A review by ergative
Nova by Samuel R. Delany

1.5

 Oof, what a SLOG. I'm very grateful to my book group for explaining to me the finer points of historical accuracy (Kennedy assassination references, for example), and the symbolic  past/present/future alignments of Katin/Mouse/Lorq, but I must say I remain utterly baffled as to why Jo Walton loves this book so much. The characters expressed their personality through speechifying; the world-building felt indicative rather than fully realized; the main antagonist had absolutely no reason for being a dick except that he's a complete psychopath--which, honestly, would have made a lot more sense than his speech about why the antagonism is personal. The insistence that Tarot is a perfectly rational way of having a conversatino with the universe, actually, and only backwards superstitious losers think it's nonsense, seemed almost like Delaney was making a joke, except that there's so little else about this book that's funny that I think maybe he actually subscribes to the Philip K Dickian school of 'let's write MYSTICAL science fiction!' None of it was convincing.
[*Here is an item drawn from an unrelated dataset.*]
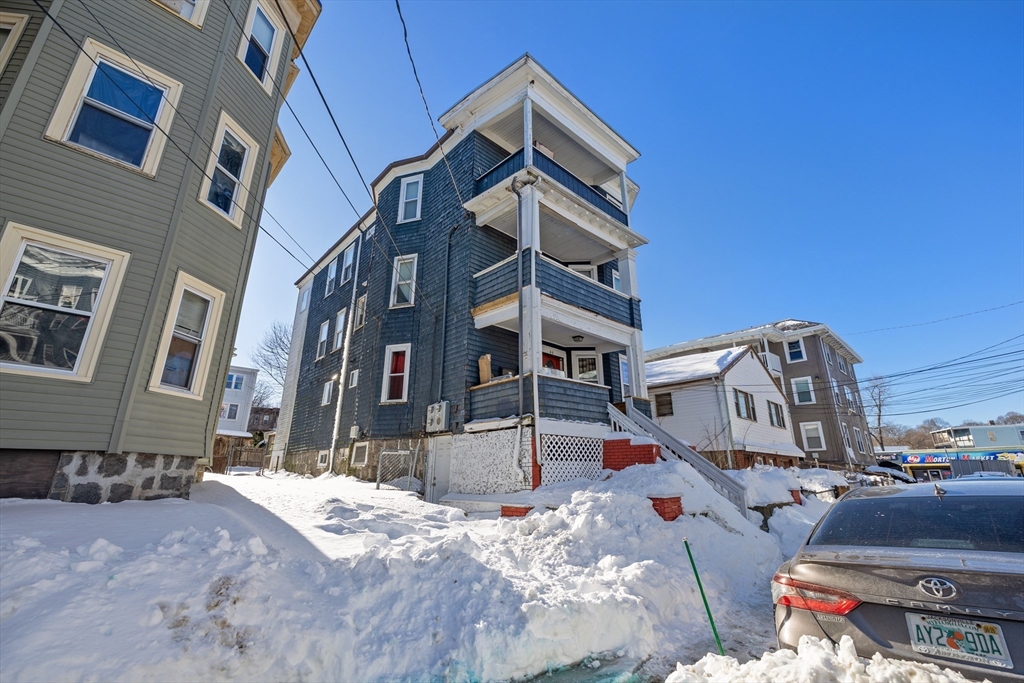 a view of a building with a road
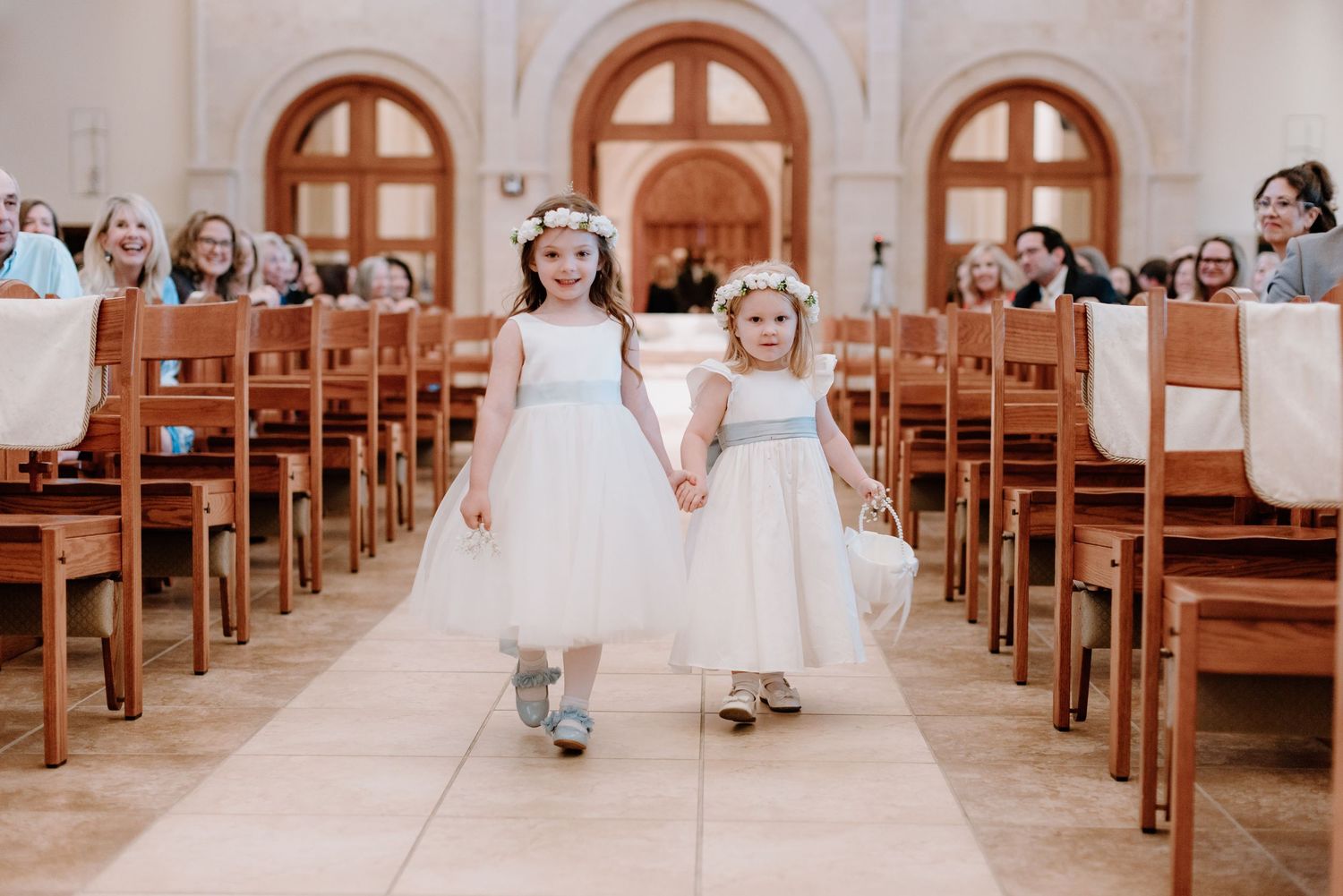 Two flower girls in white dresses walk down church aisle holding hands as guests watch from wooden pews.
Even the main plot arc, which is about obtaining some unobtanium from the center of a freaking NOVA, took a galaxy-changing quest that would affect the fundamental balance of power between workers and owners and star systems and migrants--a conversation that the book is interested in having--welded onto it a personal character motivation that was so puny and unconvincing compared to the actual scope of the real goal of the main team that its inclusion in the book just trivialized all of it. Not least because the character work was lousy and I didn't care about any of them anyway.